* Task objective
Wherever a line holds the word "Casa", copy that line from the data.

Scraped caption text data
• • • • • • •
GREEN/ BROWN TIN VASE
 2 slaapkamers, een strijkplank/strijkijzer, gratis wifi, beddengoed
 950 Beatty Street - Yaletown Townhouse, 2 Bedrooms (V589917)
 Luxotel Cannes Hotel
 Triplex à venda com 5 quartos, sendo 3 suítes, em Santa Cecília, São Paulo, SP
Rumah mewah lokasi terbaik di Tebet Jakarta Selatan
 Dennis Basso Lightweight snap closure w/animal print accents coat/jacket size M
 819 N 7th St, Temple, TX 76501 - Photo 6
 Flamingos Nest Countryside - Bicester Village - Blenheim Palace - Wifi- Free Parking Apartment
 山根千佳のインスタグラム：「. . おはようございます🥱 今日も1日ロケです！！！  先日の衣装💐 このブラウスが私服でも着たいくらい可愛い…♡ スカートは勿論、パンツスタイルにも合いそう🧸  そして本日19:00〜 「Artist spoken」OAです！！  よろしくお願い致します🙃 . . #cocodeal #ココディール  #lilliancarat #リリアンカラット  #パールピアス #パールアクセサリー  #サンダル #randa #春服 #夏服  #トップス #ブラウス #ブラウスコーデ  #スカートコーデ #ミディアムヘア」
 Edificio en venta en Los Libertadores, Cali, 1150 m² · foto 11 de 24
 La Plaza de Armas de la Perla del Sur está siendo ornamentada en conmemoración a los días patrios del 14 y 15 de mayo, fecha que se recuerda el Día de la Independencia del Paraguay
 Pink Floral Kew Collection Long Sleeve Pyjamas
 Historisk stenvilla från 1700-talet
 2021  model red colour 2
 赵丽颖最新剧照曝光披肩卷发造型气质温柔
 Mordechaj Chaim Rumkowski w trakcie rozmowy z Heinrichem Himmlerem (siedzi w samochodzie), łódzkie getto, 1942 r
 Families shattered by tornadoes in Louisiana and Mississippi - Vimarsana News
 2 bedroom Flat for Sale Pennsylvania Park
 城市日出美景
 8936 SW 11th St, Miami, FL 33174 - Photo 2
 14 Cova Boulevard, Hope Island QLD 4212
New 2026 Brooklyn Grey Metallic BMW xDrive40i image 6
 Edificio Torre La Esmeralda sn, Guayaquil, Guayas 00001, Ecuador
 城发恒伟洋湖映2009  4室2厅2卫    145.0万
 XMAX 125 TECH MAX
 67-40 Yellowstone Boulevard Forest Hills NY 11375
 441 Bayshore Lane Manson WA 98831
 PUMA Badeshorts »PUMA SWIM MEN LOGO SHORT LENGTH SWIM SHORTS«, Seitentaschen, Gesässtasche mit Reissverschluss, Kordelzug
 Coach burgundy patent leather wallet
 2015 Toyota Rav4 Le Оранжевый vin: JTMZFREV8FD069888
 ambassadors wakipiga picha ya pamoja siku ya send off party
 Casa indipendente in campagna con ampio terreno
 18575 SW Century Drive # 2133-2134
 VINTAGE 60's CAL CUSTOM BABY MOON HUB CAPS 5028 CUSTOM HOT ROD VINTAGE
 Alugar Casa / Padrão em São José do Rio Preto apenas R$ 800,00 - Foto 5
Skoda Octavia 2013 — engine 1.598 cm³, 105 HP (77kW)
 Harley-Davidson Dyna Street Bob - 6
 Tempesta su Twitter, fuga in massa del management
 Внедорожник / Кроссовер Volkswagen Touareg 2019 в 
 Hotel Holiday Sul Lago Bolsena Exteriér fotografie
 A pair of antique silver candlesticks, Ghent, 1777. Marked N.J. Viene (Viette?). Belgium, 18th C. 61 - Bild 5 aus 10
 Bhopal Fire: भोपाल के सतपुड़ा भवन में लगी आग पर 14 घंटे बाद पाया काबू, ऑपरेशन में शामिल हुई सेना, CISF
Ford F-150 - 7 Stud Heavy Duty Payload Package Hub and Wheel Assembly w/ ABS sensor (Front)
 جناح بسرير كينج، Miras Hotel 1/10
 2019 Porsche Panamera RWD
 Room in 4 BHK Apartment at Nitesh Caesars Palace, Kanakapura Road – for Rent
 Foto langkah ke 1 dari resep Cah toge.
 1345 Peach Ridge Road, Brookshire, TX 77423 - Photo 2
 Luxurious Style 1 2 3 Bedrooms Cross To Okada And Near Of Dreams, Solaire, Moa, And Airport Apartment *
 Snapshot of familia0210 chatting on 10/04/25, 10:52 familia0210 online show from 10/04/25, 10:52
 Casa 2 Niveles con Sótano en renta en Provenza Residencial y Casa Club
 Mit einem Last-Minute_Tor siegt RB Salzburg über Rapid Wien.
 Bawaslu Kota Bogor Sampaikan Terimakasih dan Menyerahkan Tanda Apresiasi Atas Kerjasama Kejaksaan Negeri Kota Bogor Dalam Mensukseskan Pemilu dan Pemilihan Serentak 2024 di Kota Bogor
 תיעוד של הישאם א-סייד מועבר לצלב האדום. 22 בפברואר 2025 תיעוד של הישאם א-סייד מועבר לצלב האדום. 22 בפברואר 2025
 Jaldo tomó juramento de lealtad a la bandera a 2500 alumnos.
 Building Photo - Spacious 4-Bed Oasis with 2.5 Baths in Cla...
• • • • • • •
* Final answer
 Casa indipendente in campagna con ampio terreno
 Alugar Casa / Padrão em São José do Rio Preto apenas R$ 800,00 - Foto 5
 Casa 2 Niveles con Sótano en renta en Provenza Residencial y Casa Club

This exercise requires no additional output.